Start of Material for the task
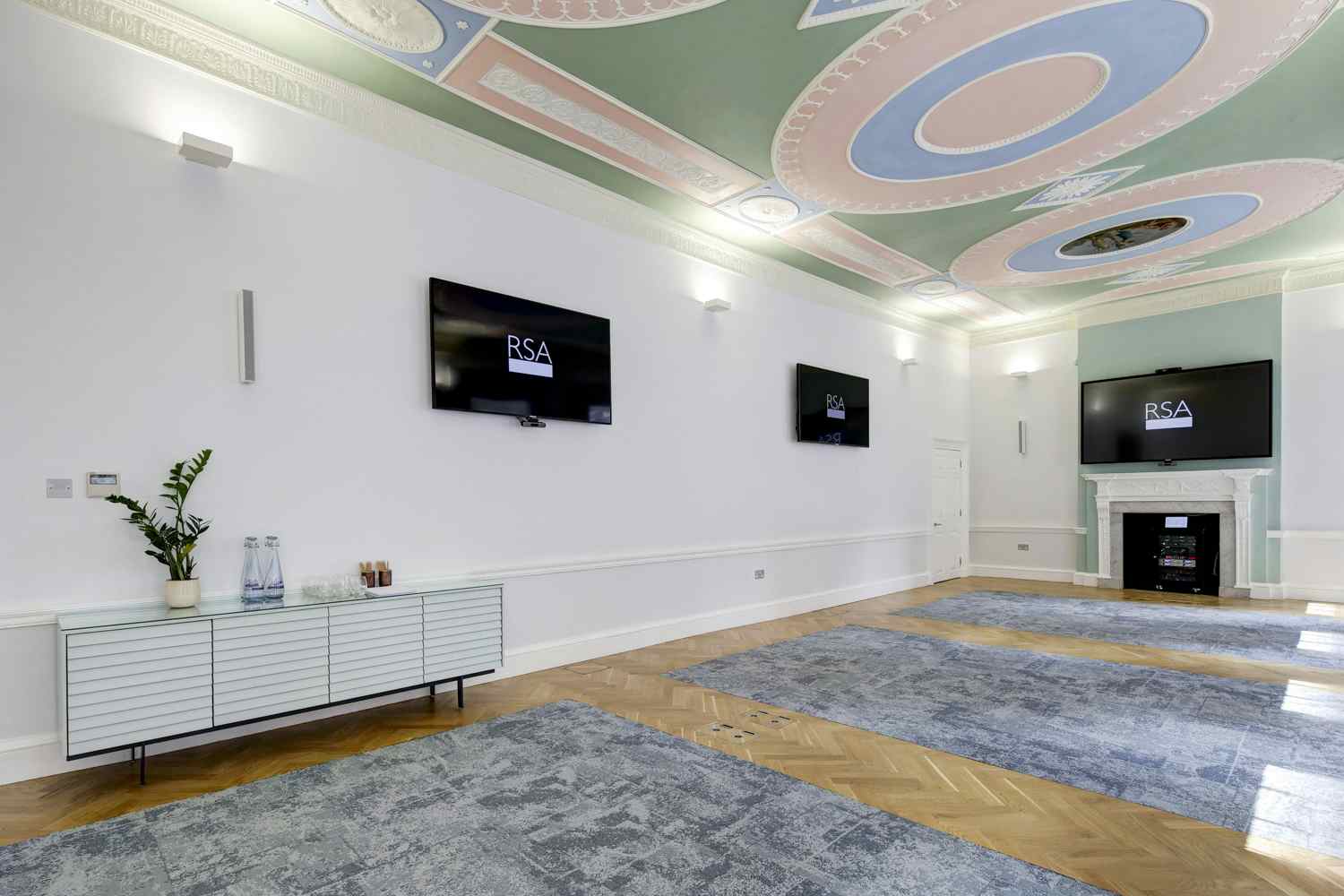 The Prince Philip Room 4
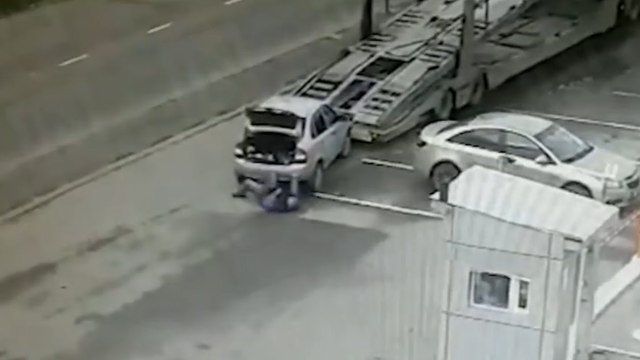 Un homme lutte pour ne pas se faire écraser par sa voiture et un camion !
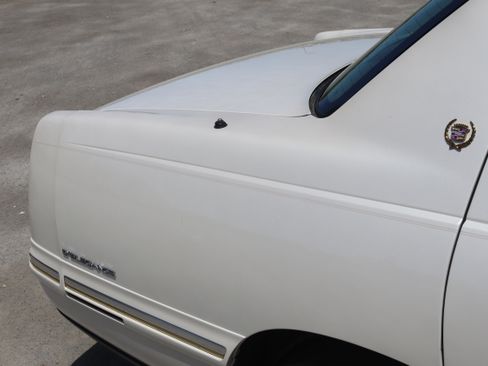Used 1998 Cadillac De Ville D'Elegance w/ Safety/Security Pkg FWD image 4
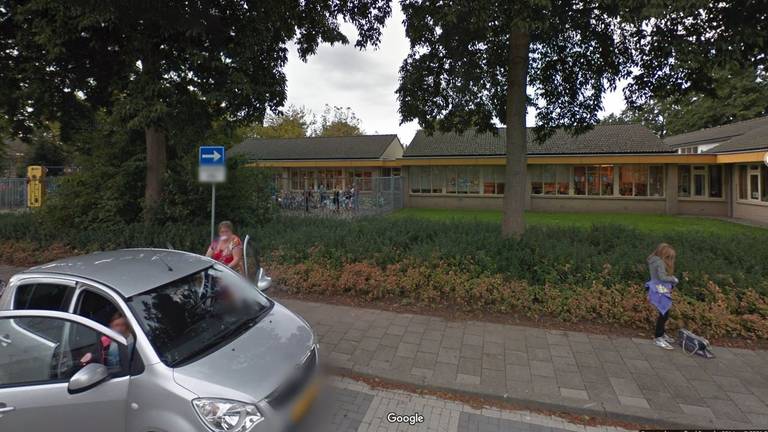 Basisschool De Duizendpoot in Oosterhout (foto: Google Streetview)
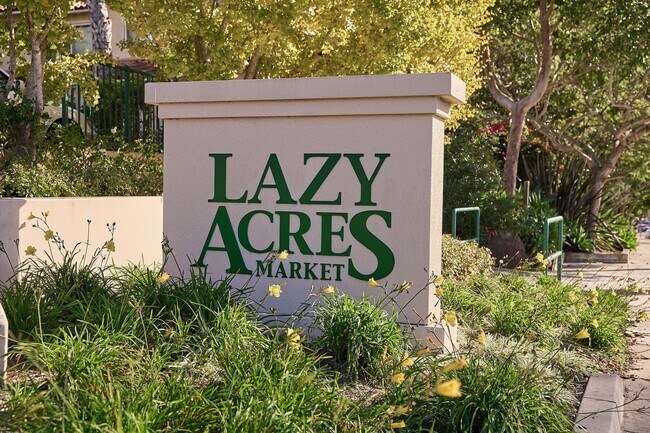 Building Photo - Catch the Wave of Modern Comfort at Our Reef Oasis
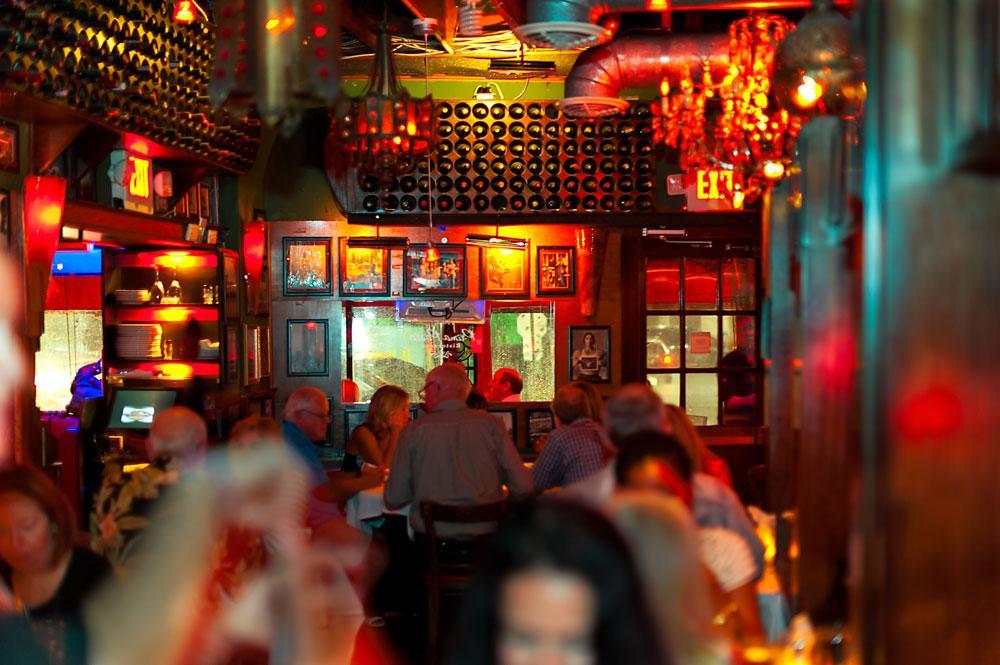 Cafe Prima Pasta Restaurant Miami Beach, Italian food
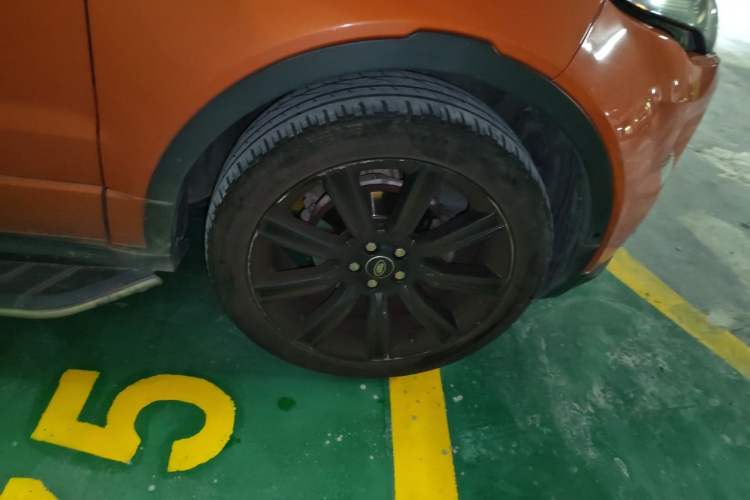 Used Land Rover Range Evoque 2015 2.0T Orange Edition Limited Model Right Front Wheel Hub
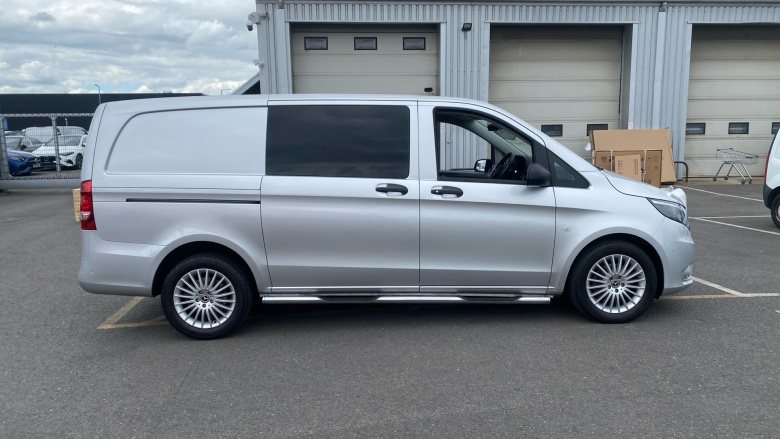 Mercedes-Benz Vito L2 Diesel Rwd 116CDI Premium Crew Van 9G-Tronic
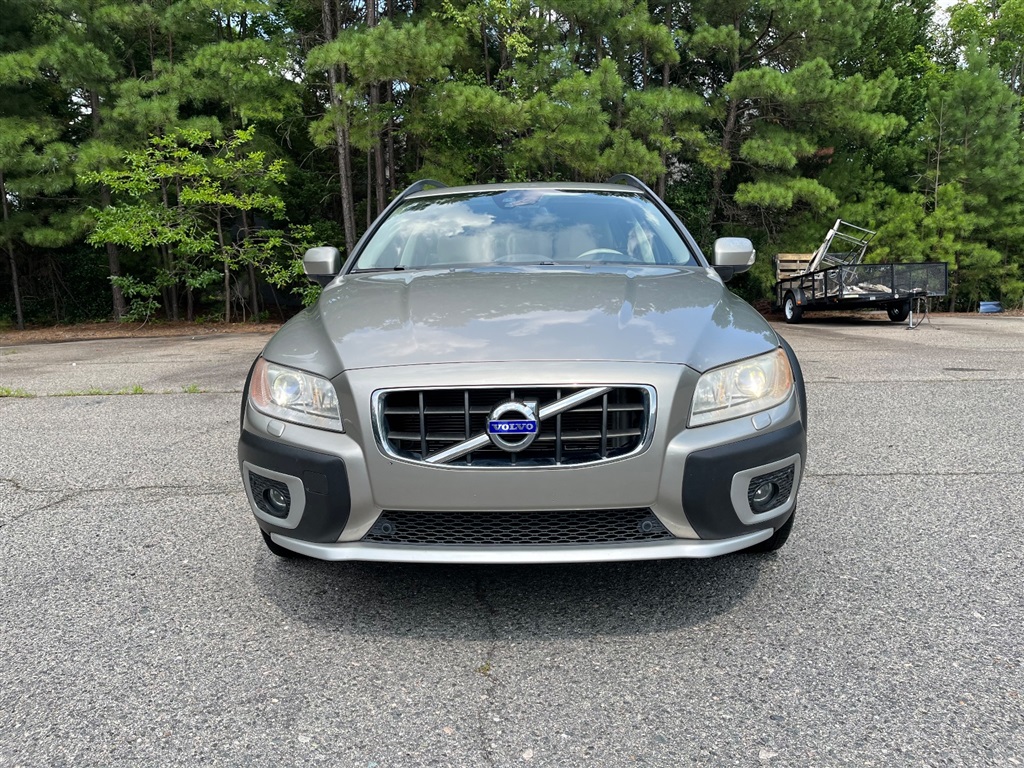 2013 Volvo XC70 3.2 FWD for sale by dealer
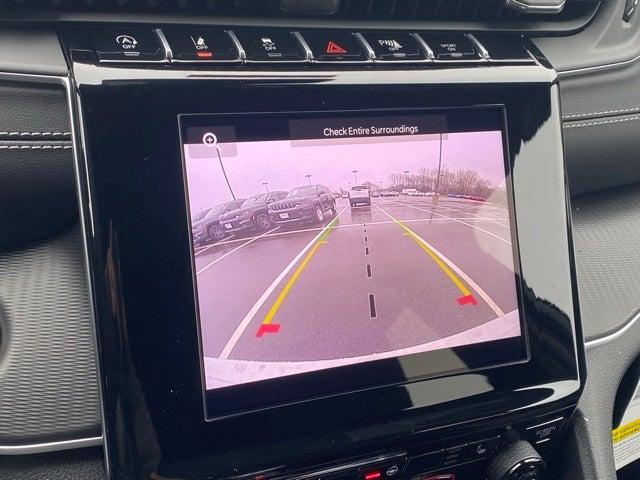 2025 Jeep Grand Cherokee GRAND CHEROKEE LAREDO X 4X4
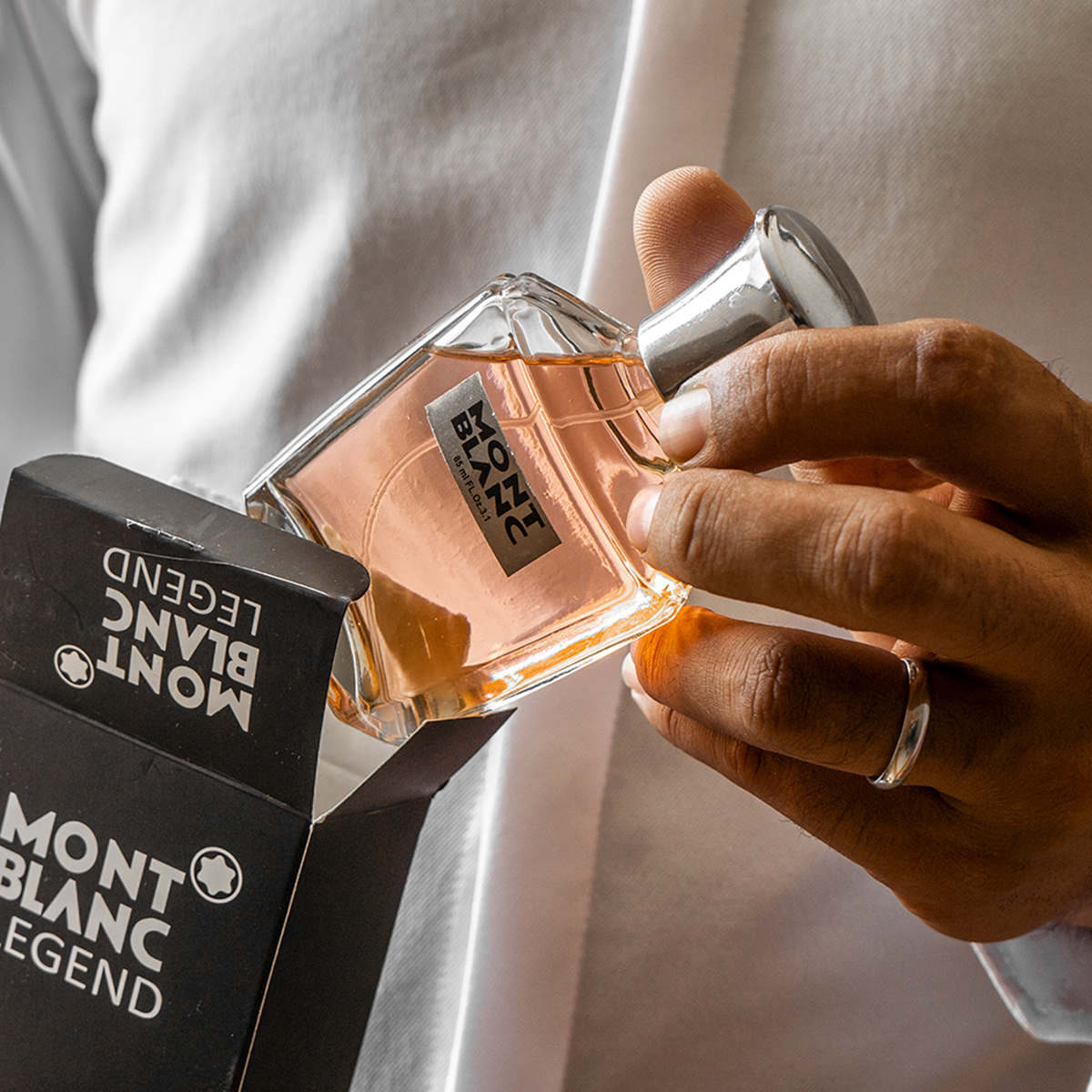 عطر مردانه Mont Blanc Legend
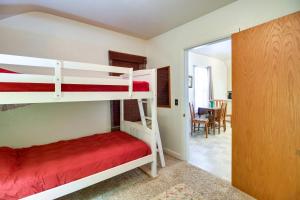 1 Schlafzimmer mit 2 Etagenbetten und einem Esszimmer in der Unterkunft Rural Minnesota Apartment with Fire Pit in Hibbing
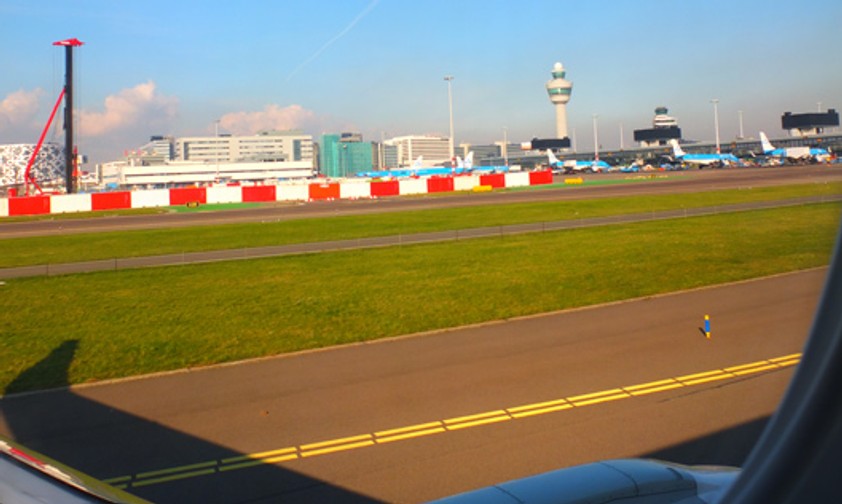 Blick auf Schiphol von der Startbahn: Airlines wollen ausbauen.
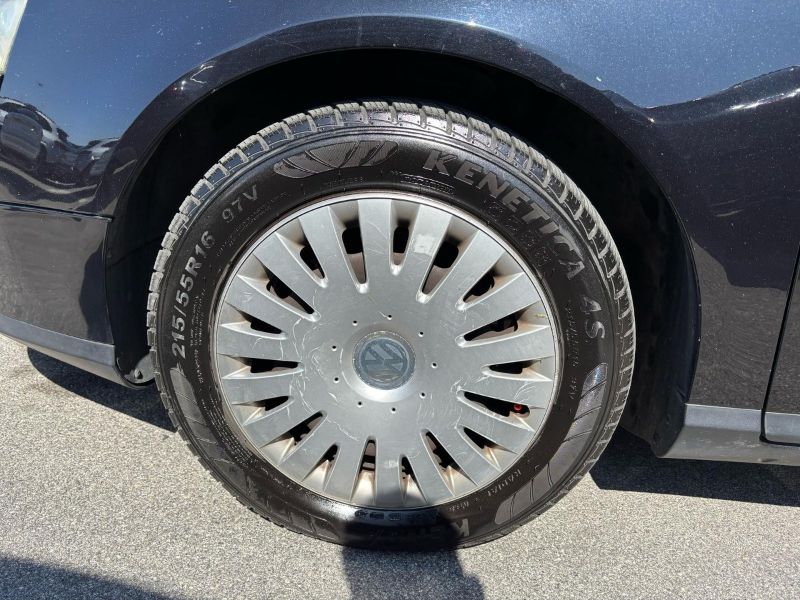 GuidiCar - VOLKSWAGEN Passat 2008 Passat Variant 2.0 tdi Comfortline Dpf Usato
End of Material for the task
# Work required:
Output the records above exactly; leave out the pictures.

# Solution for this exercise:
 The Prince Philip Room 4
 Un homme lutte pour ne pas se faire écraser par sa voiture et un camion !
Used 1998 Cadillac De Ville D'Elegance w/ Safety/Security Pkg FWD image 4
 Basisschool De Duizendpoot in Oosterhout (foto: Google Streetview)
 Building Photo - Catch the Wave of Modern Comfort at Our Reef Oasis
 Cafe Prima Pasta Restaurant Miami Beach, Italian food
 Used Land Rover Range Evoque 2015 2.0T Orange Edition Limited Model Right Front Wheel Hub
 Mercedes-Benz Vito L2 Diesel Rwd 116CDI Premium Crew Van 9G-Tronic
 2013 Volvo XC70 3.2 FWD for sale by dealer
 2025 Jeep Grand Cherokee GRAND CHEROKEE LAREDO X 4X4
 عطر مردانه Mont Blanc Legend
 1 Schlafzimmer mit 2 Etagenbetten und einem Esszimmer in der Unterkunft Rural Minnesota Apartment with Fire Pit in Hibbing
 Blick auf Schiphol von der Startbahn: Airlines wollen ausbauen.
 GuidiCar - VOLKSWAGEN Passat 2008 Passat Variant 2.0 tdi Comfortline Dpf Usato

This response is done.